Widerstand gegen Putsch in Myanmar: Junta nutzt Artillerie und Geiseln

Myanmars Militärjunta hat im Kampf gegen eine Bürgermiliz Gefangene als menschliche Schutzschilde eingesetzt. Das sagt die Gegenregierung.

Soldat im Tarnfleck mit Handy in der Hand.

Myanmarischer Soldat schaut während seines Wachdienstes auf sein Smartphone Foto: Stringer/Reuters

BERLIN taz | Nach tagelangen Kämpfen gegen Myanmars Putschmilitär hat sich die im westlichen Chin-Staat gebildete Bürgermiliz Chinland Verteidigungskräfte (CDF) am Sonntag aus der Stadt Mindat zurückgezogen. Die aus mehreren Hundert Bewohnern Mindats und acht anderer Kleinstädte in der Region Anfang April gebildete CDF ist nur mit Jagdgewehren und selbst gebauten Waffen ausgerüstet, während das Militär jetzt Artillerie und Hubschrauber einsetzte.

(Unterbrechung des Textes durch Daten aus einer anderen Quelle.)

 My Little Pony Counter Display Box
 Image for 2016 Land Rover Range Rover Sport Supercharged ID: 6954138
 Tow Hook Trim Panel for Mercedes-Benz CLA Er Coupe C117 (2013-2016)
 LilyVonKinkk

Der Sprecher der gegen das Putschregime im Untergrund agierenden sogenannten Einheitsregierung, Dr. Sasa, warf dem Militär am Samstag vor, Bewohner Mindats als Geiseln genommen und als menschliche Schutzschilde gegen die Miliz eingesetzt zu haben.

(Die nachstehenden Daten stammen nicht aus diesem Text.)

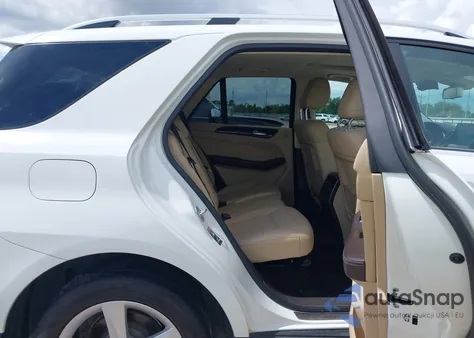 2017 Mercedes-Benz Gle 350 from USA, damaged, VIN 4JGDA5JB8HA949230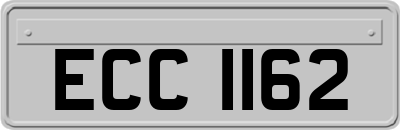 ECC1162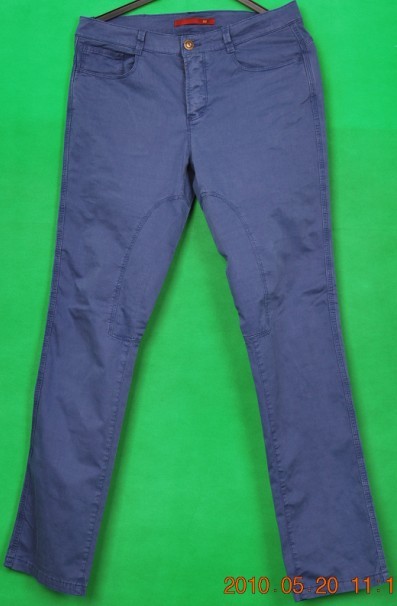 Mens Casual Pant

Mindestens 18 Männer hätten Soldaten beim Einmarsch in die Stadt vor sich her getrieben, sagte ein CDF-Sprecher dem Onlineportal Irrawaddy: „Wir können doch nicht unsere Leute verletzten. Deshalb haben wir uns langsam zurückgezogen und fast alle gesunden Männer haben die Stadt verlassen.“ Ein weiterer Grund sei gewesen, dass man bei einer Verteidigung der Stadt deren Zerstörung hätte befürchten müssen.

Im April hatte die CDF erstmals einem Militärkonvoi aufgelauert, der Truppen zur Niederschlagung der dortigen Proteste bringen sollte. Dutzende Soldaten wurden getötet, Militärfahrzeuge wurden in Brand gesteckt. Am letzten Donnerstag stellte die Militärjunta die Stadt mit mindestens 20.000 Einwohnern unter Kriegsrecht, beschoss sie seitdem mit Artillerie und Granatwerfern und rückte mit Truppen von zwei Seiten aus vor.

Militär fliegt Verstärkung ein

Während die CDF noch die östliche Zufahrtsstraße aus kontrollierte und nach eigenen Angaben weitere Militärfahrzeuge zerstören konnte, flog das Militär mit Hubschraubern laut Dr. Sasa eintausend Soldaten ein. Inzwischen soll das Militär im Stadtzentrum patrouillieren.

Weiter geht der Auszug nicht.